I just read an excellent article by Steve Blank about the dangers of Rewriting the Code.

I will add that being involved in a large code rewrite is also an excellent way to commit job suicide. I was phased out of my last job primarily because I bet the farm (at least my part of the farm) on a very complex architectural standardization effort. I enthusiastically followed what the team leader and a very prominent developer on the team wanted us all to do, which was as intricate and modern as perl5 can get. I chomped the bit and then got way in over my head while most everyone else continued working on incremental improvements to running systems.

As with working on any large project that does not have immediate business value, many aspects of a rewrite can attach a huge target around your neck.
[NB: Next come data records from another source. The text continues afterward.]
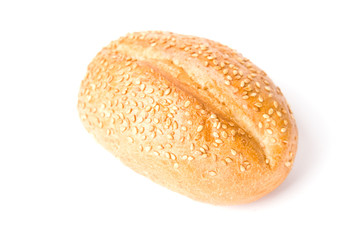 French bun with grains isolated on white.
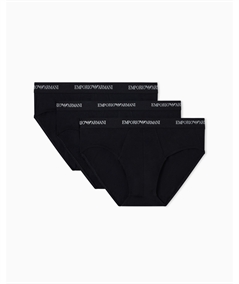 EM000258AF14132 Set di 3 Boxer Emporio Armani in cotone elasticizzato. Colore: Nero
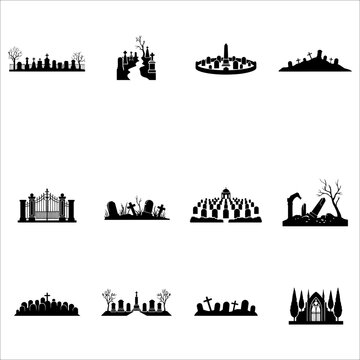 Collection of spooky graveyard and tombstone silhouettes for halloween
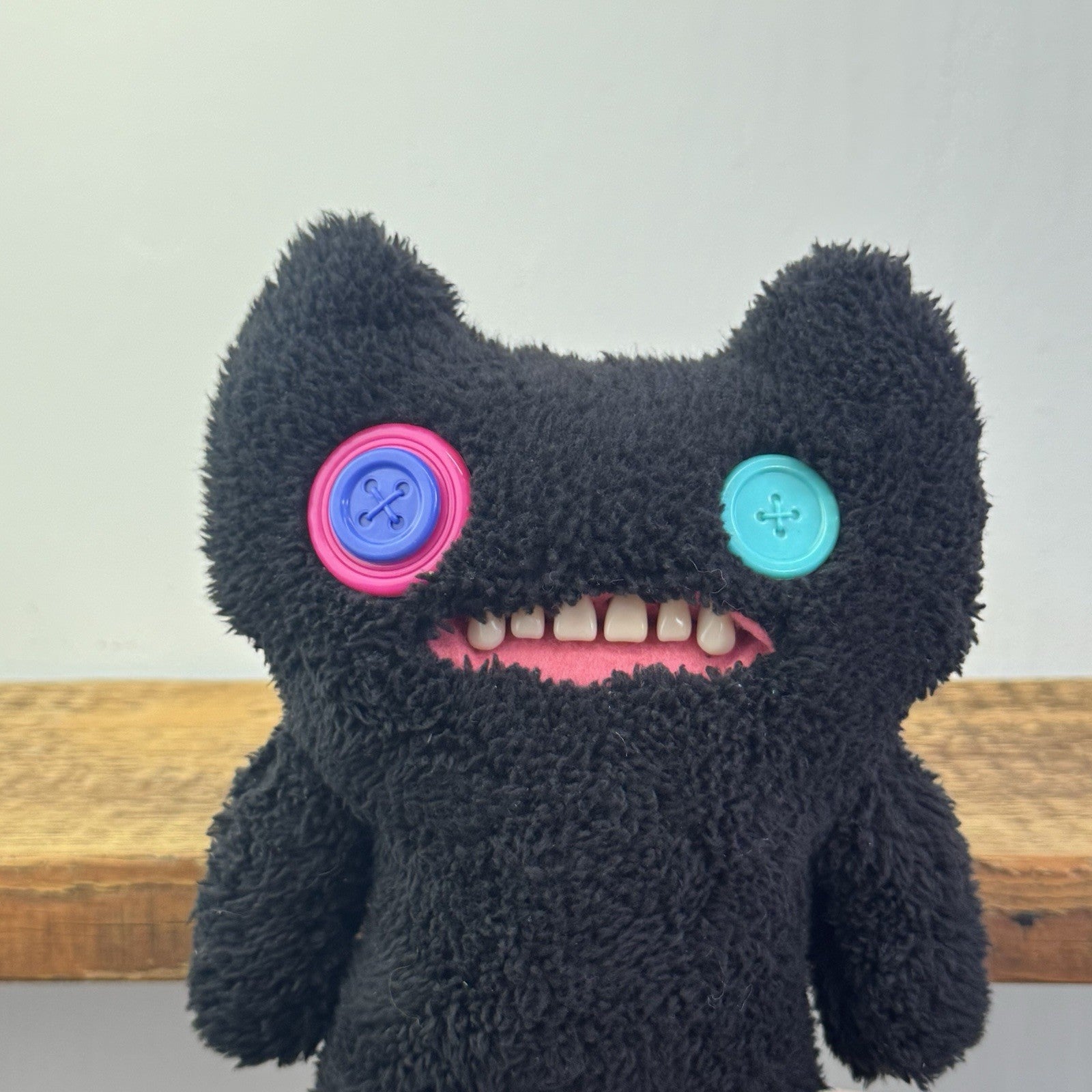 Fuggler Indecisive Monster - Black Snuggler Fuggler Button Eyes Retired 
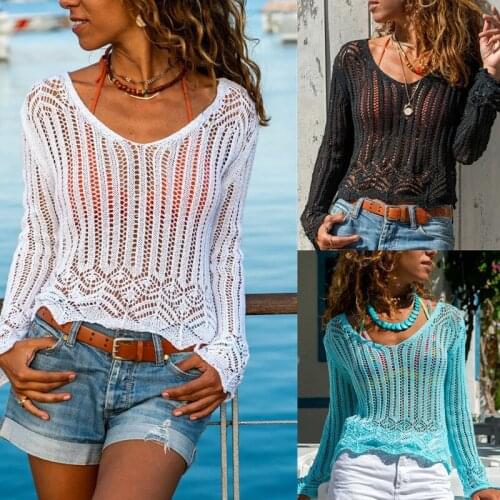 Womem Summer Knitted Hollow Out Slim Fit Sweater Tops Long Sleeve Casual Jumpers Pure Color Fashion All-Match 2020 New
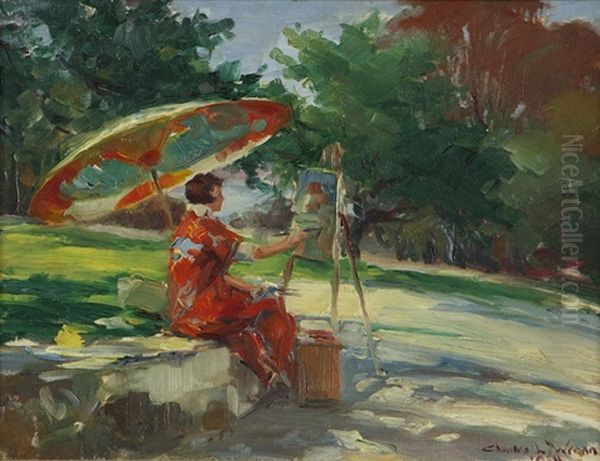 Sketch Of Della Shull Thompson, Woman In Japanese Costume Painting En Plein Air Under A Parasol Oil Painting by Charles Lewis Wrenn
The political situation became as complex as the rewrite and I believe that putting all of my time into the rewrite (without hedging) -- and then defending my decision to do so -- ruined my position there.

In most organizations, a high-risk project like a rewrite might not be worth participating in unless you can get significant and provable buy-in from other developers on the team, not to mention political coverage from managers across the company. And if the support wanes, I would advise any developer stuck knee-deep in a rewrite to get working on something that is practical and much-appreciated.

Otherwise, the whole exercise can lose you your valuable time and energy, your mental well-being, your job, and even the friends that you made on the job.

Beware.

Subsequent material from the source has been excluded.